Recuerdo mucho la mesa de trabajo de mi Padre, el mantel rojo invadido por siniestras ondulaciones negras, llena de exámenes, bolígrafos, cuadernos, un poco de papel carbón colgando de las esquinas y las sobras del sacapuntas apiladas en un botecito de aluminio sin forrar. Curiosamente no tengo ninguna imagen de él trabajando sobre las hojas, como tampoco la tuve de sus lecturas, ni de sus redacciones para el seminario de titulación, pero sí rastros de sus propios episodios con mathema. Tal vez, y me gusta conjeturarlo así, él también disfrutaba de pensar sus problemas matemáticos caminando en solitario, como lo cuenta el mito de fundación de todos los grandes pensadores. Era en algún arrebato que entraba quizá a su biblioteca y redactaba sus ideas en carbón, con esa caligrafía enigmática que a partir de ese momento yo copiaba en la hoja final de mi cuaderno de ciencias y mostraba al día siguiente a mis amigos o estratégicamente ponía a descubierto en la banca de la niña que me gustaba con la intención de conjurar su amor.  El poder de seducción de aquella simbología ininteligible quedó pegado a mí en una forma de la que jamás pude desprenderme. Deslizarse sobre la pizarra hoy revive ese placer primitivo, pero ahora propio gracias a que se puede coordinar el orden de aparición de cada símbolo, el acometido de cada uno, su papel en la orquesta del pensamiento, como posiblemente algún dios en alguna cosmovisión asignó a cada molde de hombre un don particular: tuya será la poesía, tuya la fuerza, tuya la palabra, tuyo el canto, la danza o la ignorancia.

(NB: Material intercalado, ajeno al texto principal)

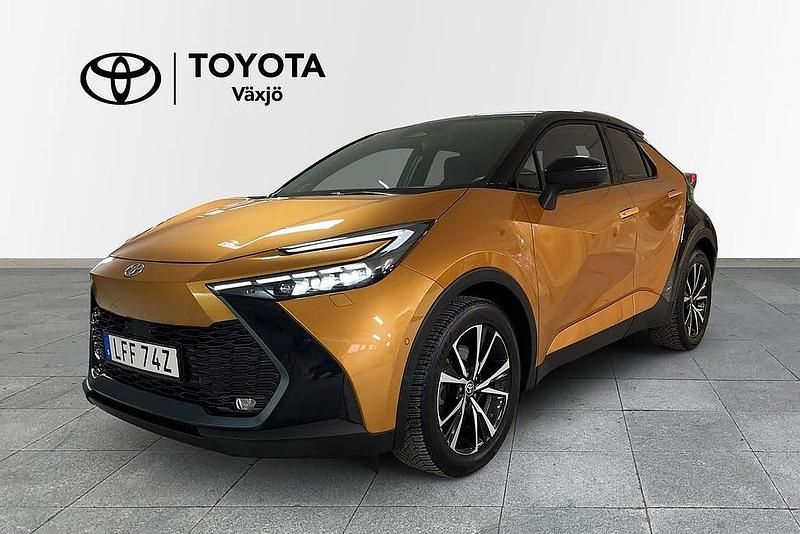 Begagnad Toyota C-HR Edition 200 HK (147 kW) 2023 Gul SUV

Un fascinado de los símbolos que recuerdo y comparto, anterior a Descartes, fue Euler, de quien según he leído, le parecía que sus símbolos y sus fórmulas eran capaces de pensar por él. Esa fusión poderosa, disolución entre lo pensado y el pensante, entre lo escrito y el escritor, ocurre con cierta frecuencia al practicante de las matemáticas, pero también a otros apasionados al menos en la imaginación (que referido al hombre es casi ya decir en el todo). Por ejemplo, no dudo que esta simbiosis acometa al médico cuando piensa que su bisturí será capaz de curar por él, los antiguos guerreros le atribuían a su espada la capacidad de ganar una batalla, un activista confiará en su discurso para despertar la mente adormecida; mi abuelo, ese viejo sabio de lo inverosímil, habrá conjeturado que dormir con un ladrillo bajo la almohada le daría perfecta cuenta de la rectitud para construir bardas y la plomada en el bolsillo le ayudaría a no perder la orientación ni la mesura en los sueños.  Mi padre por supuesto viajaba a todos lados con un libro. Desgraciadamente en sus viajes solo apareció de manera accidental en las fotografías de los paisajes que visitó y de manera parcial. A veces fue solo la mano que sostenía la titánica mariposa, otras tantas el filo de la frente en el espejo retrovisor cuando intentaba capturar algún aspecto religioso del cielo y las nubes, y solo en pocas ocasiones fue una aparición fantasmagórica de medio cuerpo dentro del aire que separaba la carretera y la montaña antropomórfica que acompañó al horizonte. Por lo que nunca llegué a saber qué, ni cuando leyó lo que contaba. La imagen que un hijo puede hacerse así de un padre que solo dejó rastros pero nunca se mostro en el ejercicio creativo de los textos que aquel le robaba es la de un ser increado cuyas cualidades siempre estuvieron presentes, imagen que choca con el hecho de que un padre es algo que se es a partir de un instante en la vida adulta, pero hijo se es desde el nacimiento. Como sea, ese gusto por lo impreso llegó a ser el  ritual donde encontró la manera de ser en todo lugar todos sus libros y todas sus anotaciones, que eran las que dictaban sus clases y ordenaban su mundo y buena parte del mío.